__WHAT THE TASK ASKS__.
In the copy, include no images. Reproduce the entries exactly.

__EXCERPTED RECORDS__.
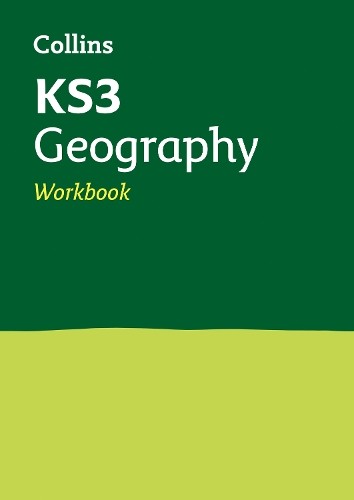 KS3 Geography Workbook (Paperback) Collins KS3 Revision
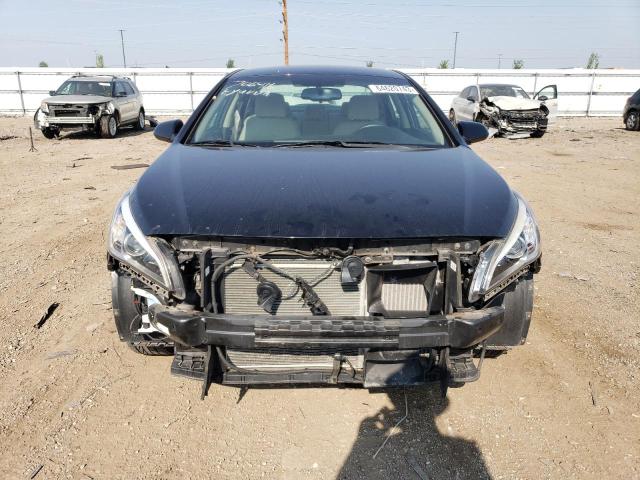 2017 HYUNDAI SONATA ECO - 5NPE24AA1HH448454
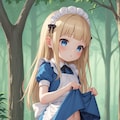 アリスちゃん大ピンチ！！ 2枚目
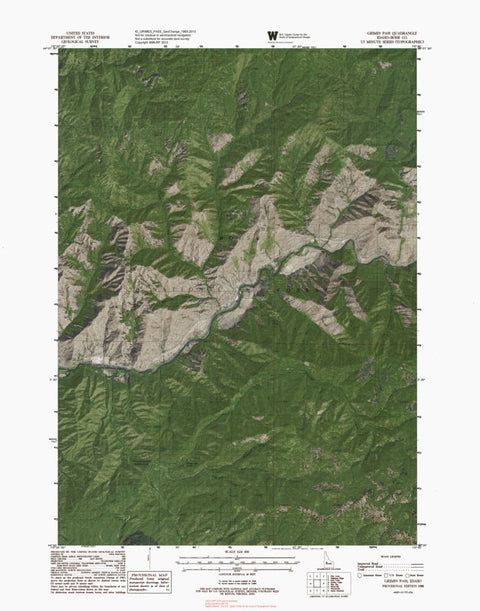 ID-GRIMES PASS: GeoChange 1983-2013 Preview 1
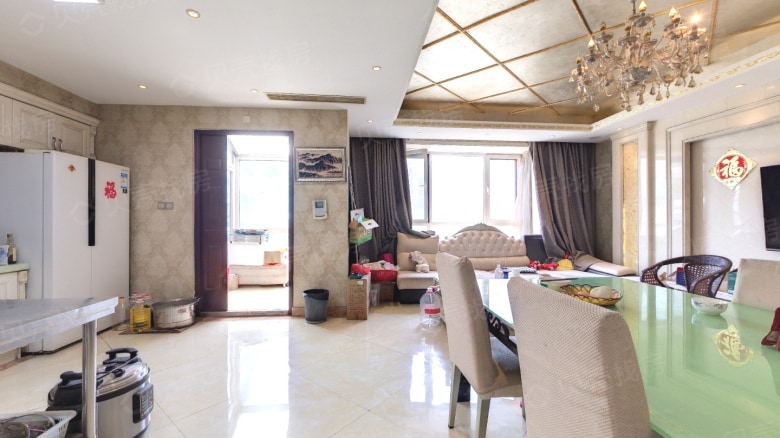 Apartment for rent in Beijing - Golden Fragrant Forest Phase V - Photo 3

__SOLUTION__.
 KS3 Geography Workbook (Paperback) Collins KS3 Revision
 2017 HYUNDAI SONATA ECO - 5NPE24AA1HH448454
 アリスちゃん大ピンチ！！ 2枚目
 ID-GRIMES PASS: GeoChange 1983-2013 Preview 1
 Apartment for rent in Beijing - Golden Fragrant Forest Phase V - Photo 3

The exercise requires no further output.